↓↓↓
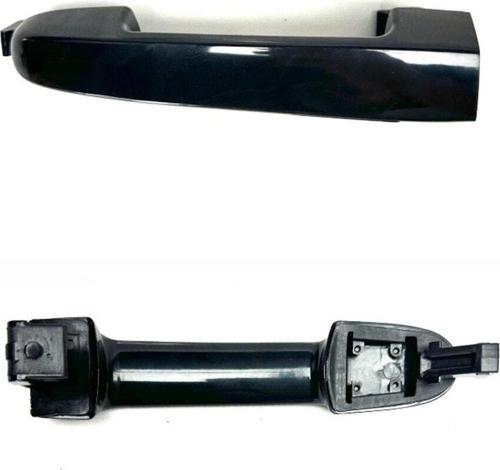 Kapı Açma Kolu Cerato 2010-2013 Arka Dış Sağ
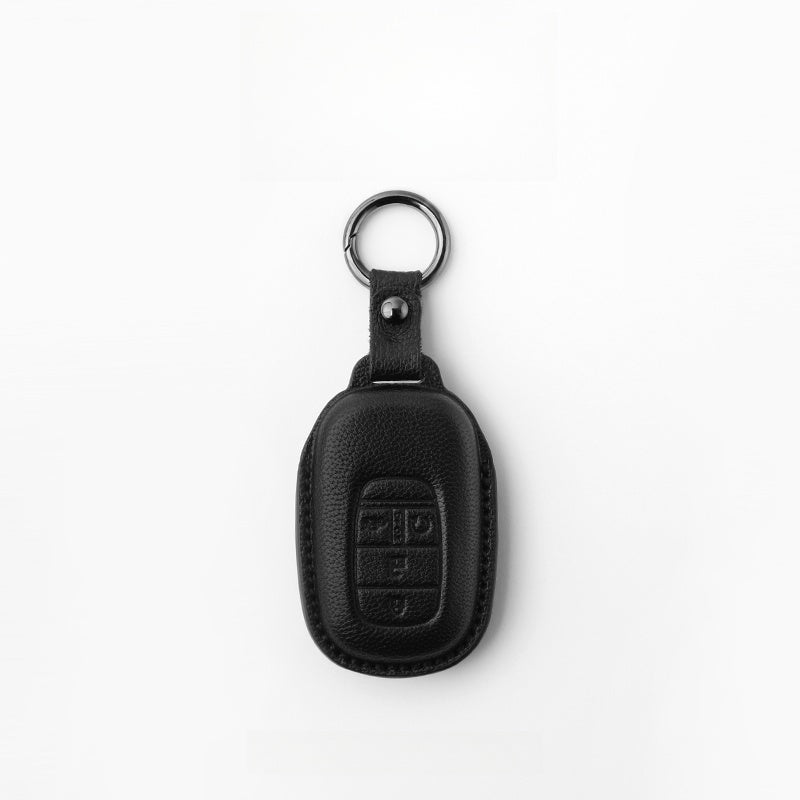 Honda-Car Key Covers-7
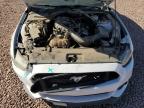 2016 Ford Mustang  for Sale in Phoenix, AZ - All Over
↑↑↑
↓↓↓
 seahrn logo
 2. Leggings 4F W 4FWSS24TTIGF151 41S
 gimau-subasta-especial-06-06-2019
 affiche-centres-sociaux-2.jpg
↑↑↑
YOUR TASK: Only one stretch of the material above is wanted: the line containing "Kapı Açma Kolu Cerato 2010-2013 Arka Dış Sağ" through the line containing "2016 Ford Mustang". Restate it word for word, minus the pictures.

SOLUTION BELOW:
 Kapı Açma Kolu Cerato 2010-2013 Arka Dış Sağ
 Honda-Car Key Covers-7
 2016 Ford Mustang  for Sale in Phoenix, AZ - All Over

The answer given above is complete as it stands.